しかしながら、ひどい身なりとはあまりにも不釣合の、整った精悍な顔立ちは、一人の男を想起させた。
「その白い鎧……まさか、あなたは?」
火の大陸、バビロア王国の騎士団にいた、白鎧の若き戦士が旅立った話は、遠く風の大陸にも聞こえていた。
戦士はいつしか真の勇者と呼ばれるようになり、各地で弱き者を助けては、戦い、流離っているという。
かつて故郷近くの森で、ヒエンはその後ろ姿だけを見たことがあった。
忘れもしない、傷だらけの白い鎧兜と、破れた赤いマント――
「今は黙って、かれを見逃してくれ。魔皇軍の者ではない、それだけは約束する」
まっすぐこちらを見る、瞳に秘めた憂いの緑。
ヒエンは何かを察したように、刀を納め、同じ色の眼差しを男へ向けた。
* * *
「ハァッ、ハァッ……」
傷と鎧で重たい体を引きずりながらも、クランは近隣の森に逃げ延びていた。
襲撃が失敗したのは嘆くべきことだが、あのまま死んでいた可能性も考えれば、生きて帰れただけで儲けものだ、とも思う。
豊かな緑の森は、魔界の侵略などとは縁遠い長閑な場所で、木漏れ日の差す枝葉の合間で、鳥が陽気にさえずっている。
そのうちに澄んだ湧水を見つけ、クランはそれを両手で掬って、喉を鳴らしながら飲んだ。
口に残る血の味が、すっと洗い流される心地をおぼえると、ようやく落ち着いて状況を確かめる余裕が生まれた。
「へ、へへ……オレにも運が回ってきたな……助かった……助け……」
そこで、クランの思考が止まる。
微かに見えた赤色の背中、聞き覚えのある声。
見ていないはずの、その男が振り返って、こちらに笑いかける姿が脳裏に浮かぶ。
白い鎧から少しこぼれる金の髪も、男にしては色白の肌も、黒目に緑の瞳を持つ戦士の眼も、ありありと思い出された。
「助け……そうだよ、僕は……タンタに、助け、られ……?」
クランの口から、まるで魔装騎士らしくない言葉が零れて落ちる。
ダークマターに取り込まれてなお、残り続けた小指の先ほどの良心が、過日ともに在った戦友との邂逅で、悪しき羨望を押しのけはじめていた。

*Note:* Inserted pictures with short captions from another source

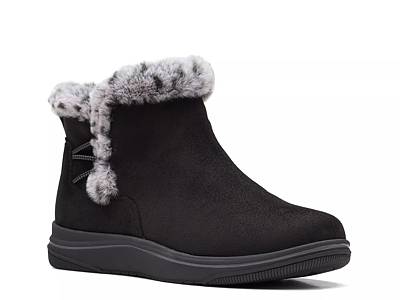 Clarks fur deals lined boots womens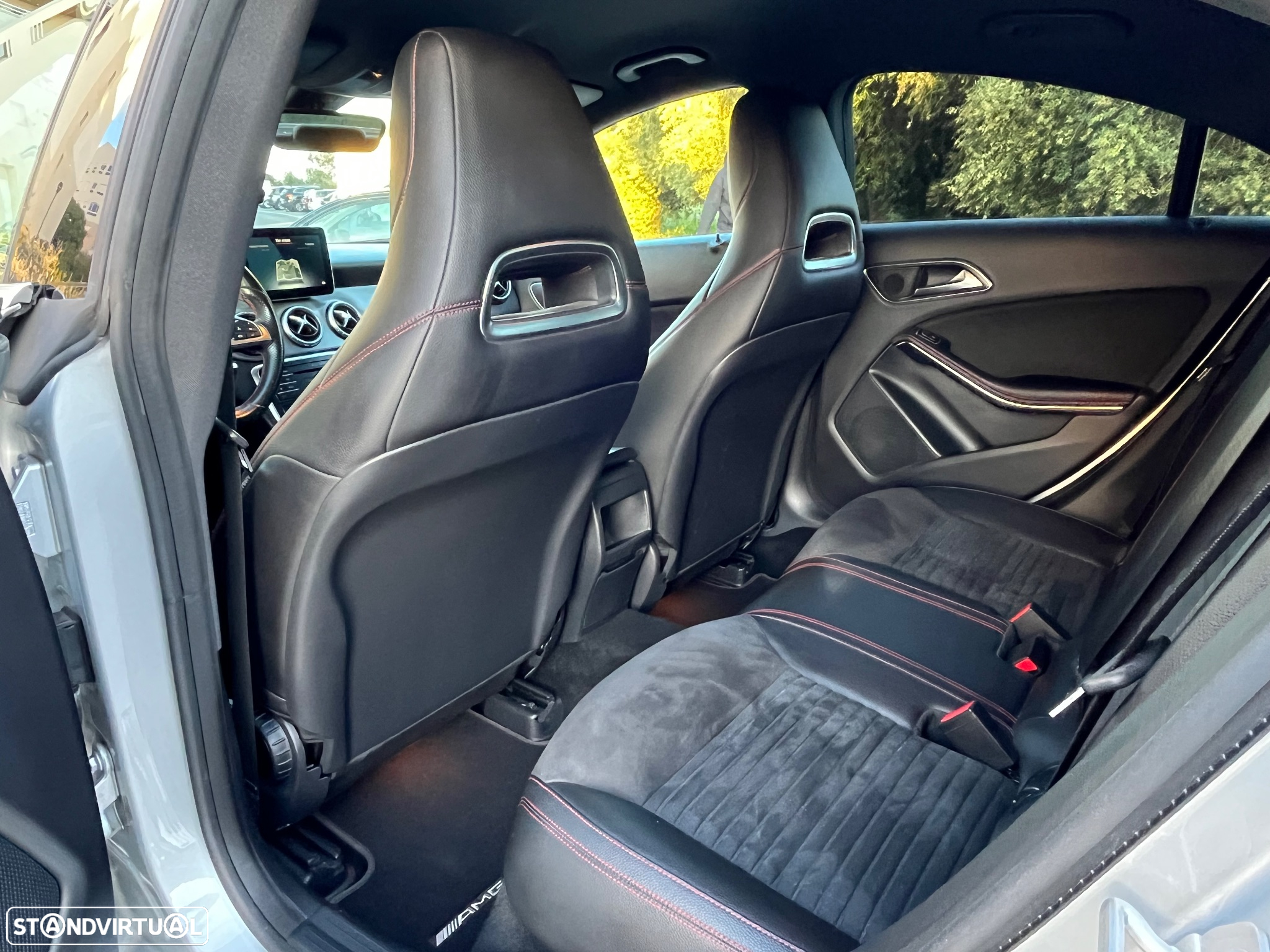 Mercedes-Benz CLA 180 d AMG Line - 31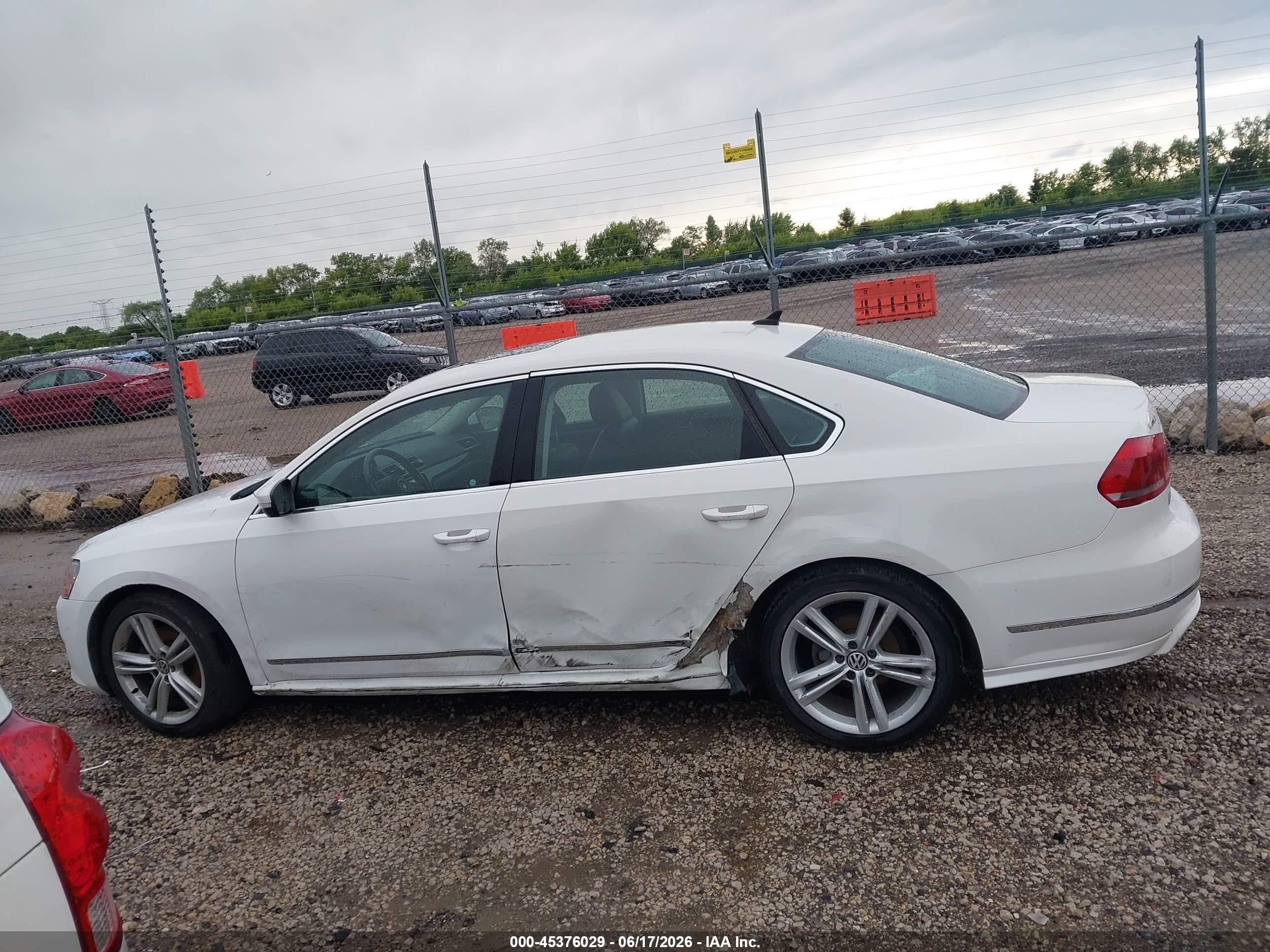 2015 Volkswagen Passat 3.6l V6 Sel Premium White vin: 1VWCM7A39FC083838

戦士タンタ。バビロア王国を旅立った白い鎧の男は、クランの親友だった。
タンタは剣の扱いに長け、勇者として名を残すのだと言って、王国を旅立った。
一人残されたクランは、タンタが戻るまで王国を守ることを誓ったが、年月を重ねるごとに、その想いは曇っていった。
自分は、守るしか能がないから。
タンタと違って、王国のほかの騎士たちと違って、剣を振るのは苦手だから。
一緒に旅立つこともかなわず、勇者になるなんて夢物語で、王国でも重装騎士から上の位に取り立てられることはなかった。
それでも心優しき騎士は、愚痴のひとつも吐かず、ひとり思い悩む道を選んでいた。
タンタは悪くない。王国のみんなは悪くない。
悪いとしたら、それはきっと、弱い自分自身だ。
ずっと言い聞かせ続けてきたその心を、ダークマターはいとも簡単に壊し、クランは魔道に堕ちた。
自分は何も悪いことをしていない。
それなのに他の誰かばかり、自分は何も認められない。
心の奥底にあった、道理のようで理不尽な独りよがりは、目につくすべてを破壊する衝動へと変貌した。
自分は皆に「見捨てられた」のだという、悲しい思い込みをそこに内包して。
「タンタ……何で……? なぜだ! オレは、王国に、タンタに見捨てられたはずだ! なぜ今更!!」
しかし壊しながら、傷つけながら、かすかに残った重装騎士の心は、ずっと叫んでいた。
こんなことをしても、誰も喜びやしない、誰も何も認めてくれない。
それどころか、いろんな人を、王国を、親友のタンタを裏切ることになるじゃないか、と。
「タンタ……ヤツは……キミは……うああああああああっ!!!」
哀しい魔装騎士の慟哭は、誰に聞こえることもなく、森の奥にむなしく響いた。